Dense video captioning on ActivityNet Captions dataset?

antoyang / VidChapters

[NeurIPS 2023 D&B] VidChapters-7M: Video Chapters at Scale

http://arxiv.org/abs/2309.13952

MIT License

174 stars 21 forks source link

Dense video captioning on ActivityNet Captions dataset? #5

Closed tian1327 closed 1 year ago

tian1327 commented 1 year ago

Great work Antoine! In your last paper Vid2Seq, you also tested the pre-trained model on the ActivityNet captions dataset, but in VidChapters you only show on ViTT and YouCook2. I am wondering if there is any particular reason to pick ViTT and YouCook2. Is it because the ActivityNet captions dataset is larger than these two (i.e. longer training time) or is it because it contains more diverse activities which makes it a harder dataset?

Thank you!

tian1327 commented 1 year ago

If you could share some preliminary results on ActivityNet should you have, it would be very helpful! Thank you!

antoyang commented 1 year ago

On this project, I did not try much, but I expect on ActivityNet a higher domain gap with the pretraining dataset used here. However, it should be pretty straightforward to test ActivityNet from this codebase.

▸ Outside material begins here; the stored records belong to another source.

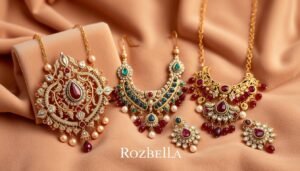 upcoming designs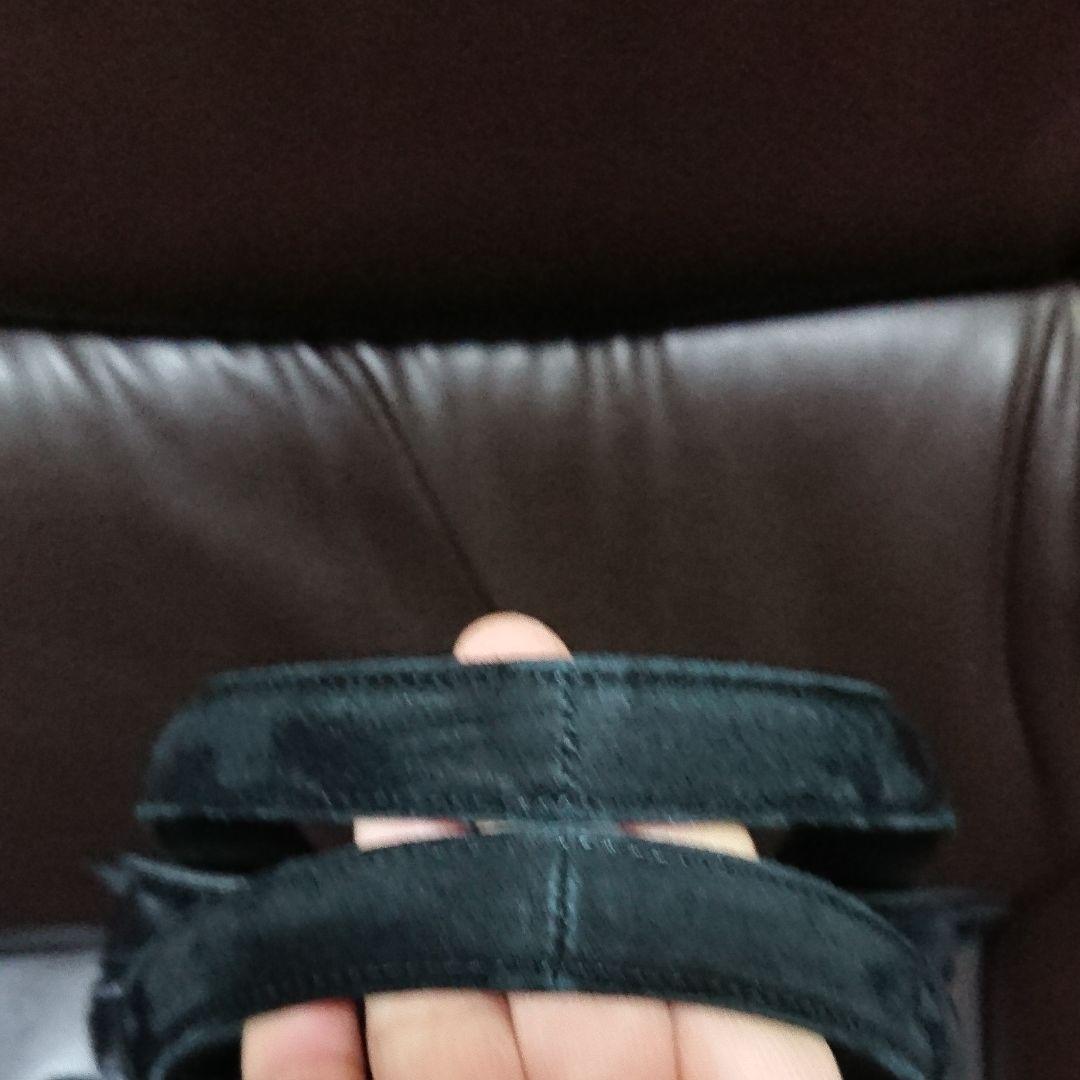 ⭐YVES SAINT LAURENT⭐オールド トートバッグ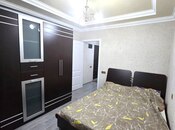 Сдаётся 2-комн. вторичка 60 м², м. Халглар Достлугу, photo 1 from 8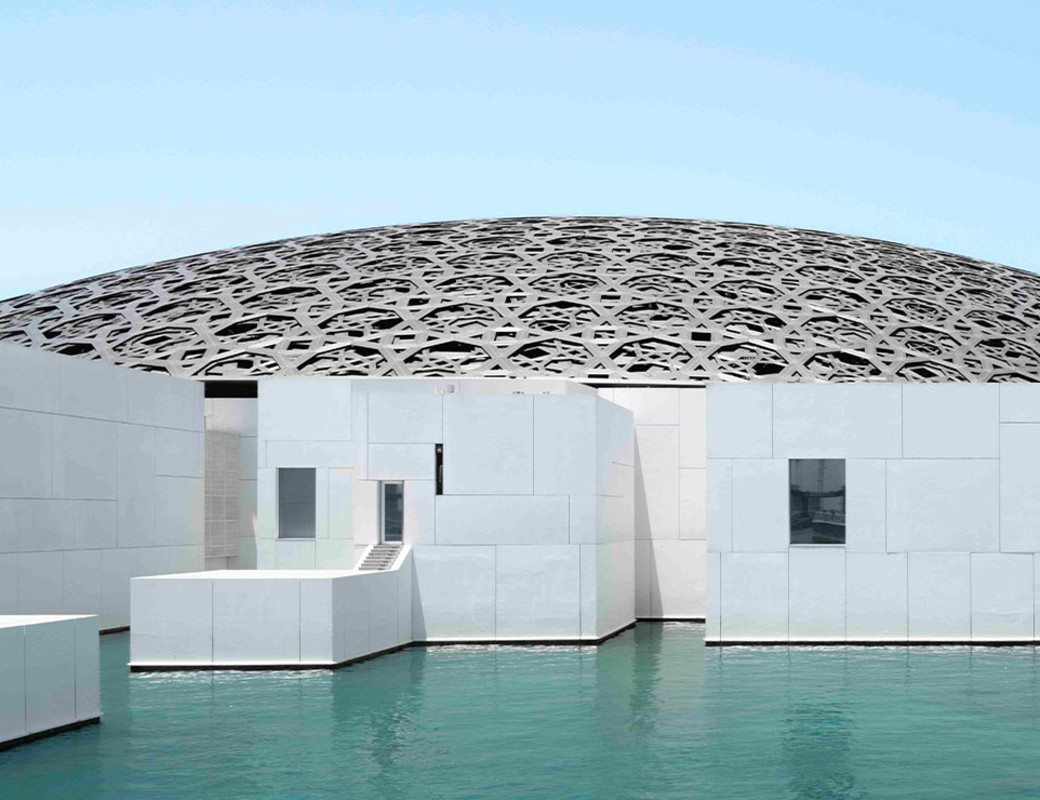 © Department of Culture and Tourism – Abu Dhabi (photo by Mohamed Alalawi)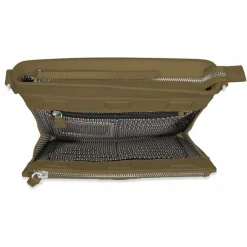Brighton Jordyn Cross Body Organizer Outlet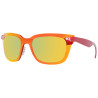 GAFAS DE SOL TRY COVER CHANGE HOMBRE  TH503-04-53 1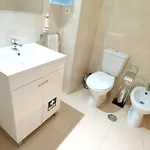 Flamingo View - Pool + Wifi + Ac Апартаменты *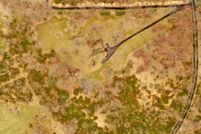 Ranch Property for sale in Somerset County, New Jersey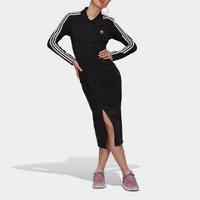 adidas Adicolor Classics Cardigan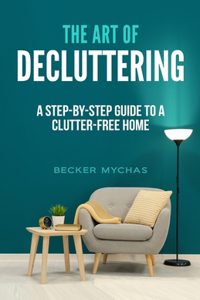 Art of Decluttering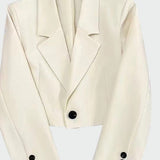 Eleganter Blazer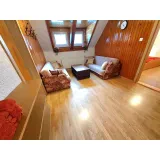 Apartmaji Zupanc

tian1327 commented 1 year ago

Thank you! Yes, it is easy to try. But the results in the paper shows that finetuning on the downstream tasks significantly improves the dense video captioning scores than zeroshot (tab 7, 8). Given only the checkpoints in ViTT and YouCook2 are provided, I guess the best try I can do is to take the ckpt finetuned on ViTT and test on ActNet, since ViTT is more diverse than YouCook2.

Again, thank you for the great work!